VfGH vom 26.02.2008, B468/07

VfGH vom 26.02.2008, B468/07

Sammlungsnummer

18355

Leitsatz

Verletzung im Eigentumsrecht durch gesetzlose Vorschreibung eines Pflichtbeitrages zu einem nicht mehr existierenden Tourismusverband; Derogation der Promillesatz-Verordnung der früheren Tourismusverbände durch Wegfall eines alten Tourismusverbandes und gleichzeitige Errichtung eines neuen Verbandes

Spruch

Die beschwerdeführende Gesellschaft ist durch den angefochtenen Bescheid in ihrem verfassungsgesetzlich gewährleisteten Recht auf Unversehrtheit des Eigentums verletzt worden.

Der Bescheid wird aufgehoben.

Das Land Tirol ist schuldig, der beschwerdeführenden Gesellschaft zuhanden ihres Rechtsvertreters die mit € 2.340,-- bestimmten Prozesskosten binnen 14 Tagen bei sonstiger Exekution zu bezahlen.

Begründung

Entscheidungsgründe:

I. 1.1. Die beschwerdeführende Gesellschaft betreibt den Handel

mit Obst und Gemüse und hat ihren Sitz in Ötztal Bahnhof (Gemeinde Haiming). Sie war im Jahr 2005 Pflichtmitglied des mit Verordnung der Tiroler Landesregierung, LGBl. 3/1950, errichteten Tourismusverbandes Haiming.

Im Zuge der Vollversammlung dieses Verbandes am wurde die Höhe des Pflichtbeitrages an den Tourismusverband mit 14 Promille der Grundzahl neu festgelegt.

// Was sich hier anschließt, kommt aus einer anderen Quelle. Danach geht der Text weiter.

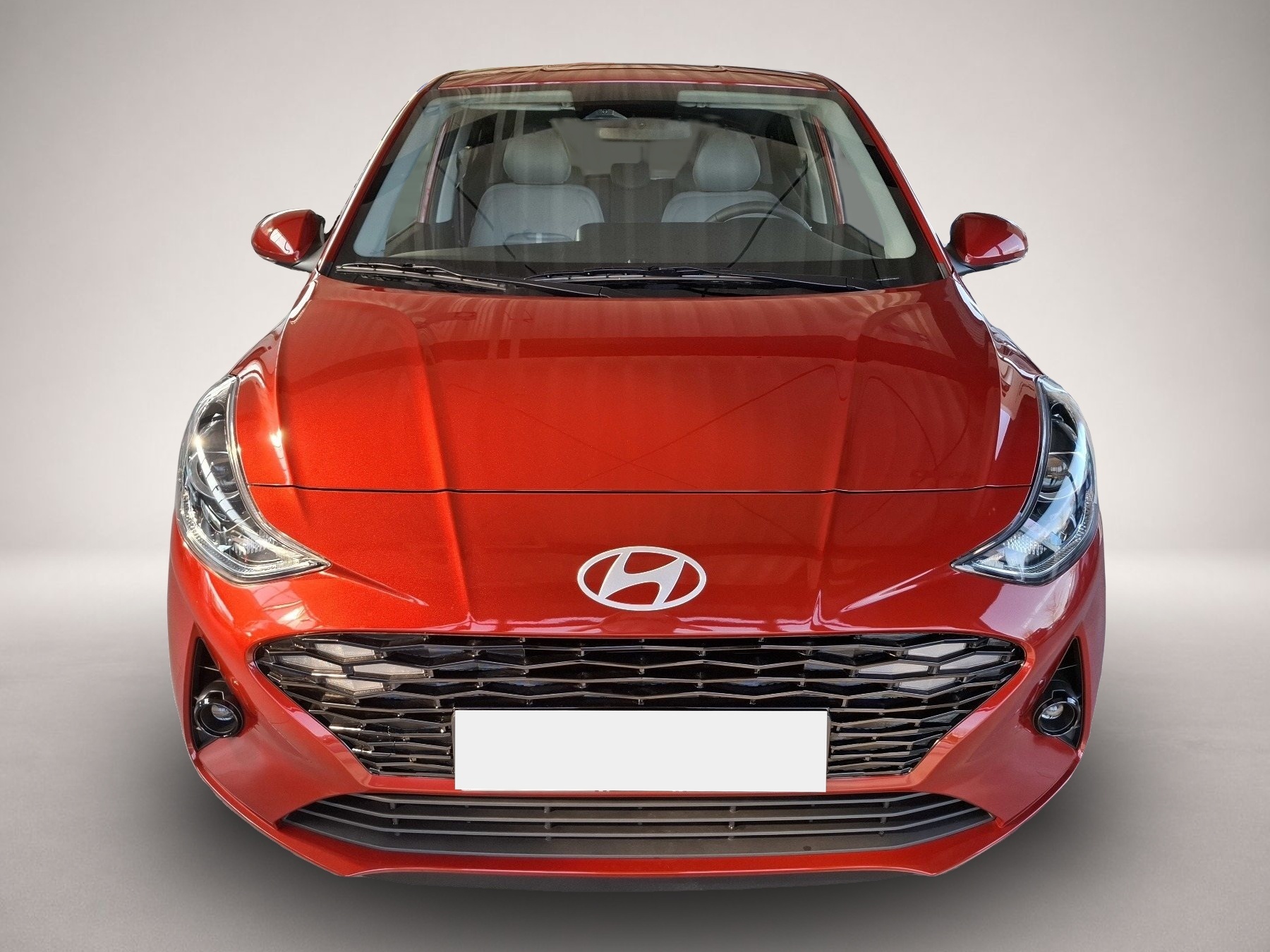 Hyundai i10 (01/2026, Benzin)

1.2. Mit Verordnung der Tiroler Landesregierung vom über die Errichtung des Tourismusverbandes Ötztal, LGBl. 104/2005, wurde - gestützt auf § 1 Abs 2 litb, 3 und 4 des Tiroler Tourismusgesetzes 1991, LGBl. 24 - für das Gebiet der Gemeinden Haiming, Längenfeld, Ötz, Sautens, Sölden und Umhausen ein (neuer) Tourismusverband mit dem Namen "Ötztal" errichtet. § 2 der Verordnung ordnet gleichzeitig das Außerkrafttreten der Verordnungen über die Errichtung der bisher für diese Gebiete existierenden Tourismusverbände an, sohin auch jener Verordnung, die den Bestand des Tourismusverbandes Haiming begründete. Die Verordnung über die Errichtung des (neuen) Tourismusverbandes trat mit in Kraft.

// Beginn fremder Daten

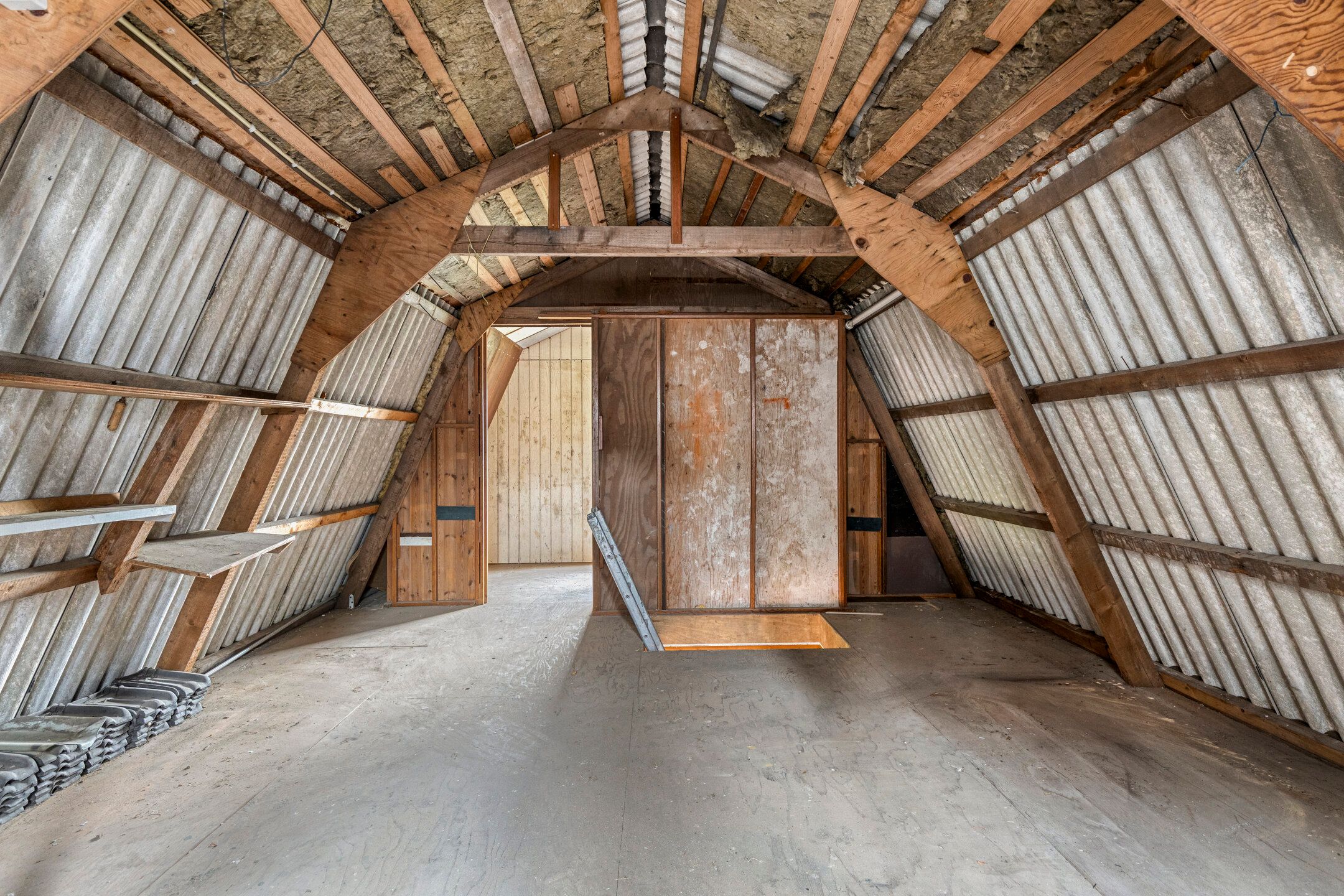 Foto 36 van Warderweg 13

1.3. Mit vorläufigem Bescheid des Amtes der Tiroler Landesregierung vom wurde der beschwerdeführenden Gesellschaft für das Jahr 2006 ein Pflichtbeitrag zum Tourismusverband Ötztal vorgeschrieben. Ihre dagegen erhobene Berufung wurde zunächst mit Berufungsvorentscheidung erledigt. Der Berechnung des Pflichtbeitrags zum Tourismusverband Ötztal wurde in beiden Entscheidungen der von der Vollversammlung des Tourismusverbandes Haiming am beschlossene Promillesatz zugrunde gelegt; dazu führt die Berufungsvorentscheidung aus:

"Anlässlich der Vollversammlung des Tourismusverbandes Haiming - Ötztal/Bahnhof am wurde der Beschluss gefasst, die Höhe des Promillesatzes mit 14,00 ‰ - ohne Beitrag zum Tiroler Tourismusförderungsfonds in Höhe von 1,2 ‰ - für das Kalenderjahr 2006, festzusetzen.

...

Die Abgabenbehörde hat die Verfassungsmäßigkeit von Gesetzen und die Gesetzmäßigkeit von Verordnungen nicht zu prüfen, sondern ist zum Vollzug der geltenden Gesetzesbestimmungen und dazu erlassenen Verordnungsinhalte verpflichtet."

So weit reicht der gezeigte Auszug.